Les préparatifs policiers et les protestations rituelles des anti-mondialistes privés de manifestation n'y changent rien: l'excitation autour de Davos édition 2005 n'est plus ce qu'elle était.

Le World Economic Forum (WEF) est en transition, et le départ successif de deux directeurs n'est pas l'explication principale d'un certain flottement entourant son ouverture.

Le WEF a changé de nature. D'abord – c'est à mettre à son crédit –, il a essaimé en forums régionaux, de plus en plus fréquentés. Ce qui se dit à Hongkong ou Amman, les affaires qui s'y nouent gagnent chaque année en importance.

Et Davos lui-même? La retraite alpine permet de réfléchir en paix aux grands problèmes de ce monde… Mais est-ce ce que recherchent les «global leaders» en ce moment? Pas sûr. Côté business, les grands patrons privilégient au contraire ce qui vibre, bouge, foisonne. Après la crise boursière, le 11 septembre, Enron et la mise en ordre des bilans, l'heure est à la recherche d'opportunités, de pays dynamiques où vendre ses produits et placer son argent. L'Europe et la Suisse, à ce jeu, font piètre figure.

Or un ingrédient essentiel de Davos est l'attraction qu'exerce le succès lui-même.
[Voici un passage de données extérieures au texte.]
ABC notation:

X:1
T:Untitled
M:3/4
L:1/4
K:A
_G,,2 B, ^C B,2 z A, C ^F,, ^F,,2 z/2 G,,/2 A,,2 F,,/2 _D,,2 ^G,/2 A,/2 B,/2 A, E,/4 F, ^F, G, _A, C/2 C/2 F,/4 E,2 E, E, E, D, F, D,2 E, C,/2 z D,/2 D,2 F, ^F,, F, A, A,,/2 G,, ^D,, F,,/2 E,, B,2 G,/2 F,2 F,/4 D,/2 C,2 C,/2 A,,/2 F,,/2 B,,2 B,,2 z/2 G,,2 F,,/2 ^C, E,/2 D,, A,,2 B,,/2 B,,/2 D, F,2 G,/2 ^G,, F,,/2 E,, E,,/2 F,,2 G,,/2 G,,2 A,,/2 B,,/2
Il y a quelques années, des ministres indiens et chinois venaient poliment courtiser dans la station grisonne les investisseurs occidentaux aux poches pleines. Mais les choses changent vite: ces dix derniers jours, on a vu la troisième fortune russe, Viktor Vekselberg, devenir le deuxième actionnaire du groupe immobilier suisse Züblin, et le milliardaire hongkongais Li Ka-shing s'offrir le premier parfumeur mondial, Marionnaud. Même le tsunami, outre l'élan de charité mondiale, a provoqué d'autres réactions: «Merci pour votre aide, mais nous n'en avons pas vraiment besoin», ont dit les gouvernements thaïlandais et indien. «Parlons plutôt de notre dette publique», ont enchaîné le Sri Lanka et l'Indonésie.

Les rapports de force paternalistes n'ont plus cours. Dans ces conditions, le Forum de Davos affronte un défi: qu'offrir intellectuellement pour renouveler l'intérêt des participants, comment rester le lieu où se forgent les tendances de demain?
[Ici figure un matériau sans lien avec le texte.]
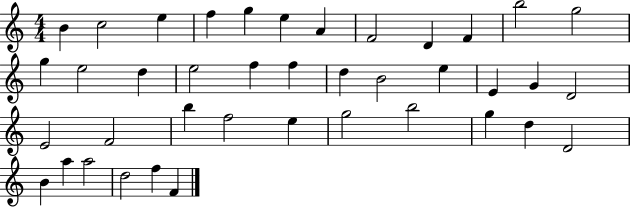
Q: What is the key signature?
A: C major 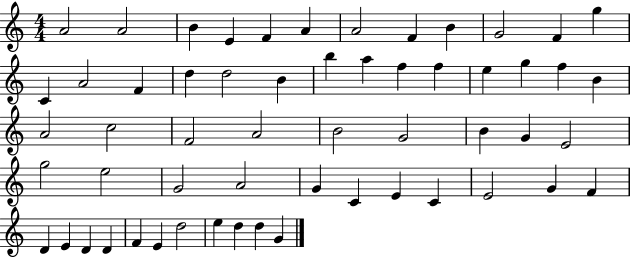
{
  \clef treble
  \numericTimeSignature
  \time 4/4
  \key c \major
  a'2 a'2 | b'4 e'4 f'4 a'4 | a'2 f'4 b'4 | g'2 f'4 g''4 | \break c'4 a'2 f'4 | d''4 d''2 b'4 | b''4 a''4 f''4 f''4 | e''4 g''4 f''4 b'4 | \break a'2 c''2 | f'2 a'2 | b'2 g'2 | b'4 g'4 e'2 | \break g''2 e''2 | g'2 a'2 | g'4 c'4 e'4 c'4 | e'2 g'4 f'4 | \break d'4 e'4 d'4 d'4 | f'4 e'4 d''2 | e''4 d''4 d''4 g'4 | \bar "|."
} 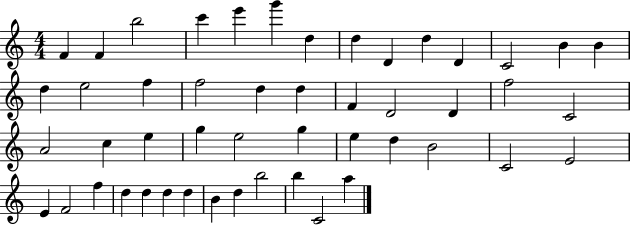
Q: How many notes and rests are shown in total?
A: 49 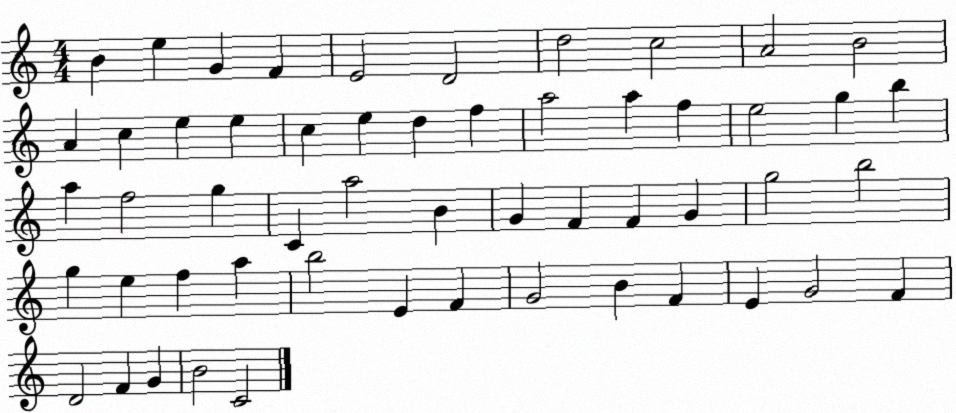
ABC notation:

X:1
T:Untitled
M:4/4
L:1/4
K:C
B e G F E2 D2 d2 c2 A2 B2 A c e e c e d f a2 a f e2 g b a f2 g C a2 B G F F G g2 b2 g e f a b2 E F G2 B F E G2 F D2 F G B2 C2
Les sondages et communiqués davosiens qui tombent à verse en ouverture de l'édition 2005 dégoulinent plus de bons sentiments que de bonnes idées. «La communauté financière ne met pas assez l'accent sur l'investissement socialement responsable», claironne l'un. «Les entreprises anticipent mal les mesures enrayant l'épidémie de sida», regrette l'autre. «Eliminer la faim et la pauvreté est une priorité», découvre un troisième (sans blague?). Un sondage nous apprend enfn que les ONG (55% d'indice de confiance, contre 36% en 2001) relèguent le business à la seconde place et les médias (on n'en parle même pas) loin derrière.

Honte au capital, péché originel! On se croirait dans une manif anti-G8.

Comme si, traumatisé par les assauts anti-mondialistes, Davos n'osait plus prendre une initative sans qu'elle soit préalablement labellisée écologique, sociale, «responsable» d'une façon ou d'une autre.

Peut-être faudrait-il distribuer aux participants l'excellent dossier sur la responsabilité sociale des entreprises publié cette semaine par The Economist. Une fois de plus, l'hebdomadaire prend l'opinion dominante à contre-pied en posant froidement la question: n'est-ce pas en focalisant leur talent sur ce qu'ils font le mieux – dégager un profit – que les entrepreneurs servent le mieux la communauté? Bien sûr, la recherche du bénéfice ne va pas sans éthique des affaires, et quand ce garde-fou ne suffit pas, c'est aux autorités démocratiquement élues de préciser les règles du jeu. Mais chacun son travail, et la collectivité y gagnera davantage qu'à certains engagements «responsables» hypocrites, sinon contre-productifs: tel est en substance la conclusion de l'hebdomadaire britannique.

Voilà qui mériterait bien une discussion à Davos. Un peu de vitriol dans l'eau de rose ne ferait pas de mal. Faute de quoi le WEF, à terme, ne sera plus un «think tank», mais une école du dimanche.